La clé dans le cas de Toro, c’est que sa progression n’a pas été freinée.  

 

« Tu te demandes aussi s’il va continuer de se développer. Il s’améliorait à chaque niveau, mais il y avait d’autres joueurs aussi bons que lui et même d’autres meilleurs. Je pense à Louis-Philippe Pelletier, je croyais qu’il allait tuer un jeune chaque fois qu’il frappait. Il cognait comme un homme à 12-13 ans. Abraham devenait juste bon année après année, mais rien de wow. Il n’était jamais la personne que les disaient ‘Wow, Abraham Toro !’ Il y avait toujours LP Pelletier ou Charles Leblanc comme joueurs de position », a relativisé son frère.

 

Et à un certain point, le coup de circuit s’est produit quand son physique a subi une transformation digne de l’ampleur du Monstre vert du Fenway Park.

 

« Il y a un côté que tu ne peux acheter ou travailler, c’est un late bloomer. Tout à coup, quand il est allé jouer à Seminole (Seminole State College), je commençais à le voir se développer physiquement, à prendre de la masse, à grandir, à devenir un homme. Il a eu besoin de plus de temps. C’est simple, il est passé de frapper un ou deux circuits par année à 20 circuits », a exposé Douglas.

 

Même s’il n’était qu’aux abords de la vingtaine, cette hausse vertigineuse a soulevé des doutes.

 

« Quand je voyais ça, je me demandais ce qui se passait.
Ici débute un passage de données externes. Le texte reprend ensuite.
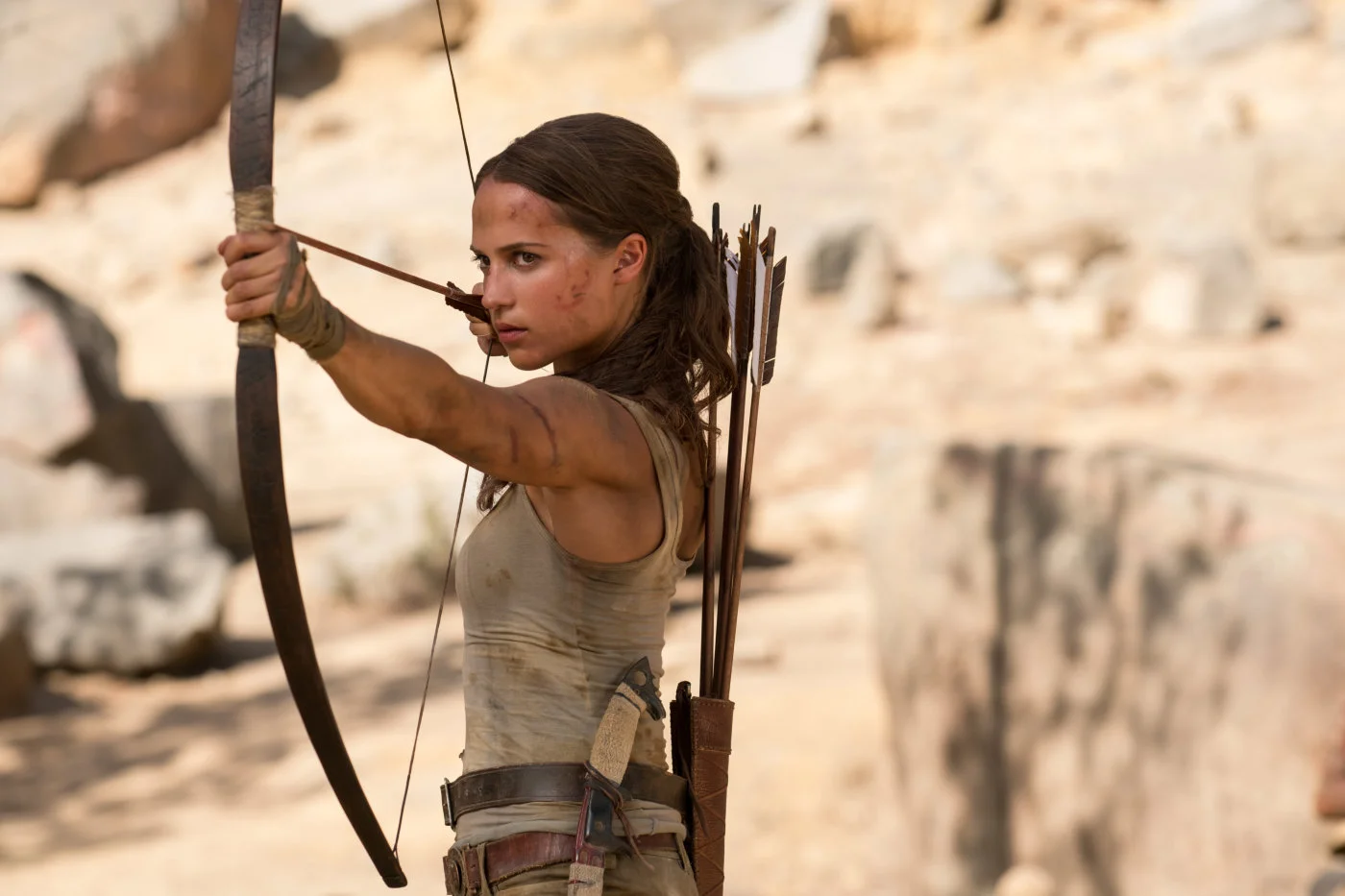 15 марта на наши экраны вышел «Tomb Raider: Лара Крофт», очередная попытка сделать достойную экранизацию видеоигры. Это ребут киновоплощения Лары. Если два фильма с Джоли относились к старой серии игр, то новая Крофт, созданная Алисией Викандер, — экранизация перезагруженной в 2013 году игровой серии.
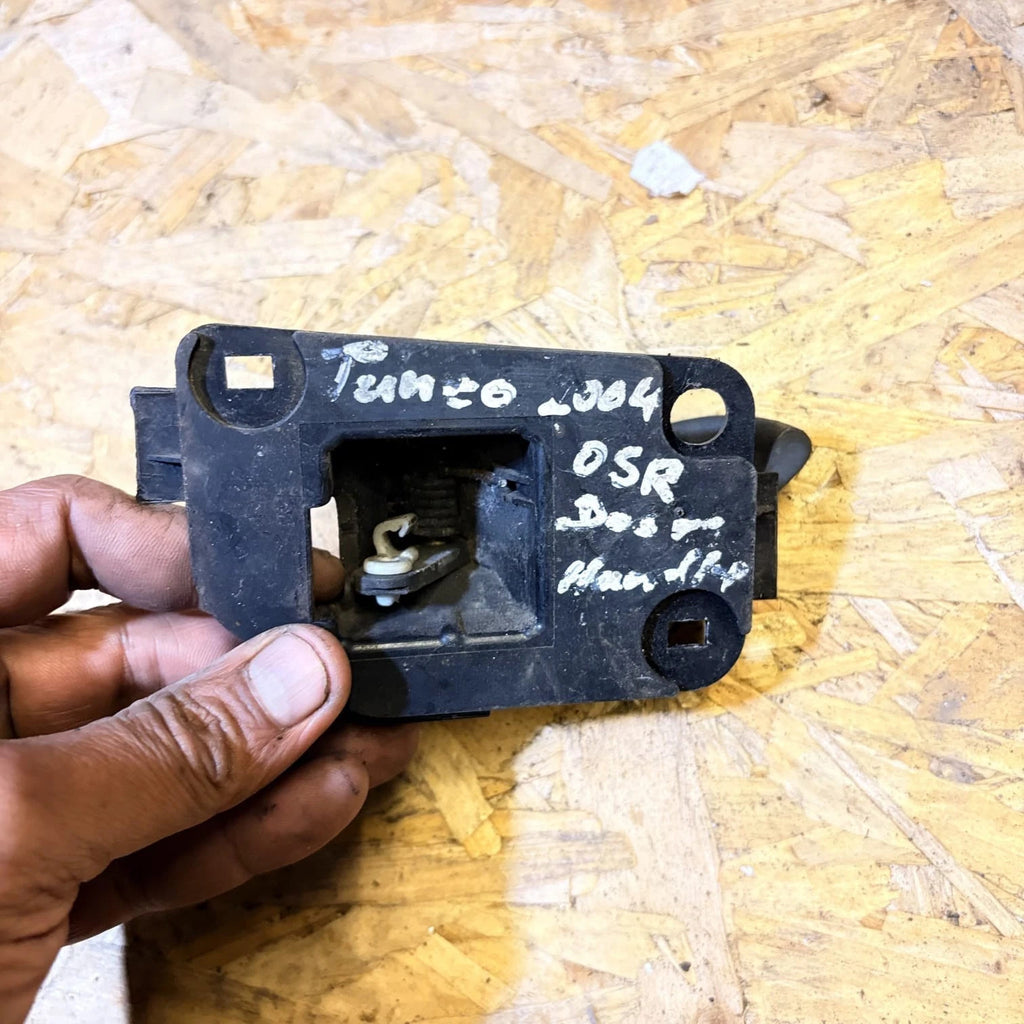 Fiat Punto My2004 Door Handle Opening / Driver Rear 735267590
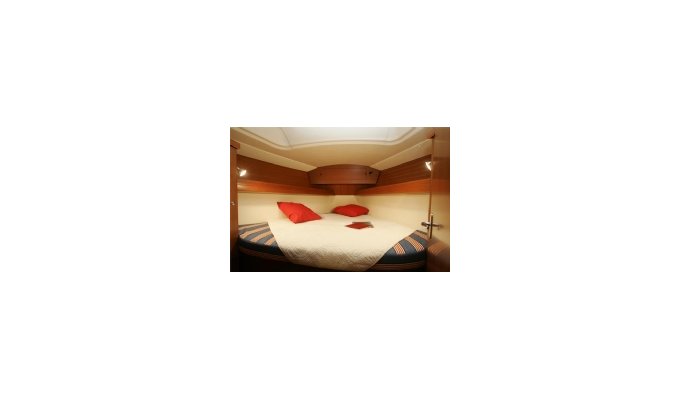 Rental of Sailing Yacht charter with or without captain and hostess in Barcelona
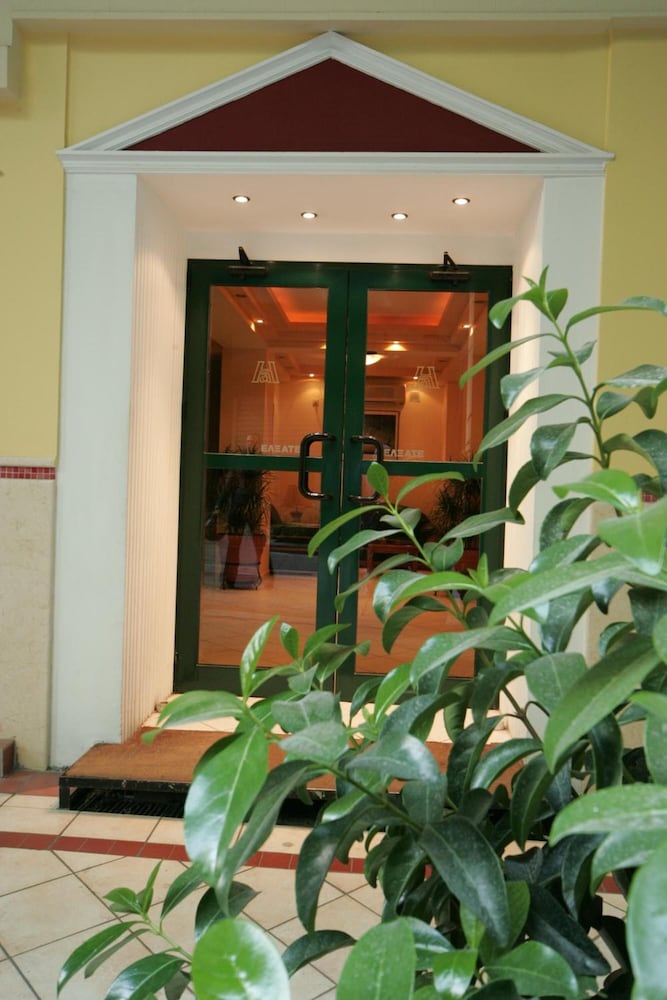 Alma Hotel 4/44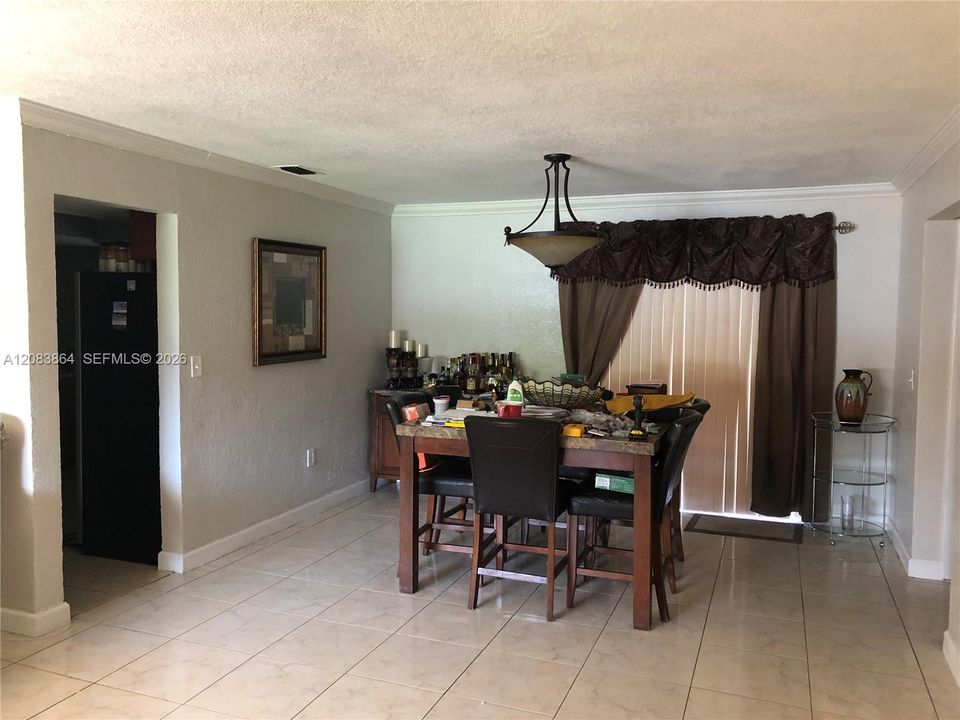 For Rent: $3,000 (3 beds, 2 baths, 1667 Square Feet)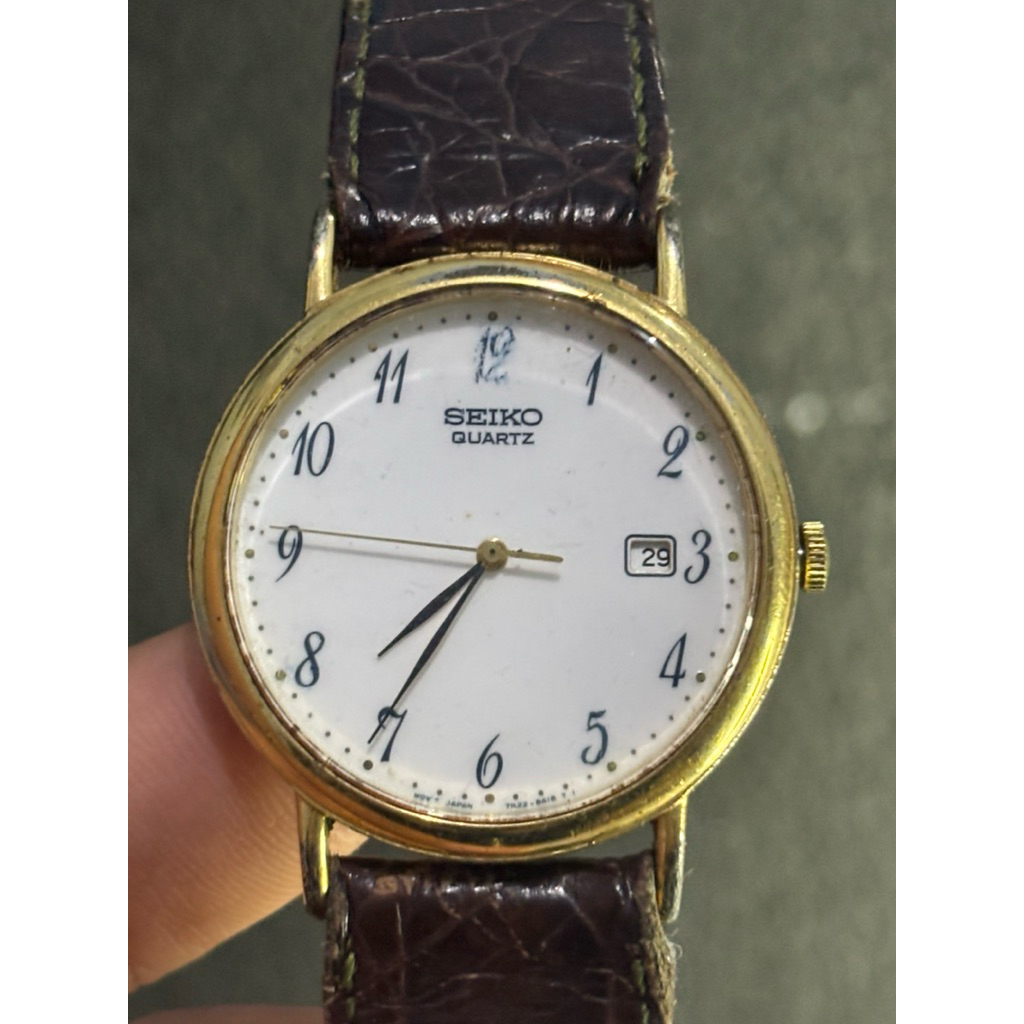 JAM TANGAN SEIKO QUARTZ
C’est arrivé au point qu’il se faisait tester (pour les produits dopants) tout le temps ! Les gens ne comprenaient pas. Il était rendu à 215 livres et il frappait des balles à 400 pieds. Le portrait a complètement changé en un an et demi », a avoué Douglas.

 

Un camp ? Plus une Série mondiale

 

Rien ne garantissait pour autant qu’il suivrait cette tangente. Les Astros ont décidé que ça valait le coup de le repêcher dès la cinquième ronde, bien avant la plupart des prévisions, et ils passent pour des génies présentement.

 

Son année 2018 a été particulièrement productive le menant jusqu’au niveau AA et il a conclu le tout avec des prestations spectaculaires dans la Ligue d’automne de l’Arizona qui regroupe plusieurs des meilleurs espoirs. Il s’est d’ailleurs classé au quatrième rang pour la moyenne au bâton derrière un certain Vladimir Guerrero fils.

 

Les Astros lui ont donc ouvert les portes pour le camp principal du club et il répond avec le même aplomb. Comme bien des amateurs au Québec, il épie les sommaires des matchs de son frangin tout en s’assurant de discuter presque quotidiennement avec lui. Abraham Toro

 

« C’est un environnement de séries pour lui présentement : chaque présence compte, chaque présence est un stress. Pour les réguliers, c’est vraiment une façon de se remettre en forme tranquillement. Pour les jeunes comme Abraham, c’est l’équivalent de la septième partie de la Série mondiale chaque fois. Je peux voir son sérieux pour chacune de ses présences au bâton. C’est cool pour lui et c’est un beau signe de confiance du club », a exposé Douglas.

 

Un premier camp d’entraînement officiel n’implique pas juste ce qui se passe sur le terrain. C’est aussi l’occasion de se familiariser avec l’univers bien particulier du baseball majeur.  

 

« Tout le monde le sait, le baseball des ligues mineures, c’est un peu cruel. Tu as des gars qui font 300$ par mois et ils sont dans le même vestiaire que Justin Verlander qui fait près de 30 millions par année. Le salaire est tellement incomparable que ça fait une différence même s’ils travaillent pour la même entreprise et qu’ils vont se côtoyer. On dirait qu’ils sont dans un autre monde même si le niveau n’est pas si loin parce qu’ils sont déjà passés par les mêmes niveaux. Certains joueurs, on dirait que ce sont des Dieux tellement qu’ils font de l’argent. Pendant ce temps, les autres essaient de sauver de l’argent à gauche et à droite », a admis Douglas.

 

Ce n’est pas l’important, Abraham et Douglas le savent. Ce qui compte, c’est qu’Abraham conserve sa passion qui l’animait comme bat boy tout en investissant le sérieux nécessaire dans son développement. S’il poursuit dans la même veine, le baseball majeur pourrait devenir aussi familier qu’une partie des Ducs à ses yeux.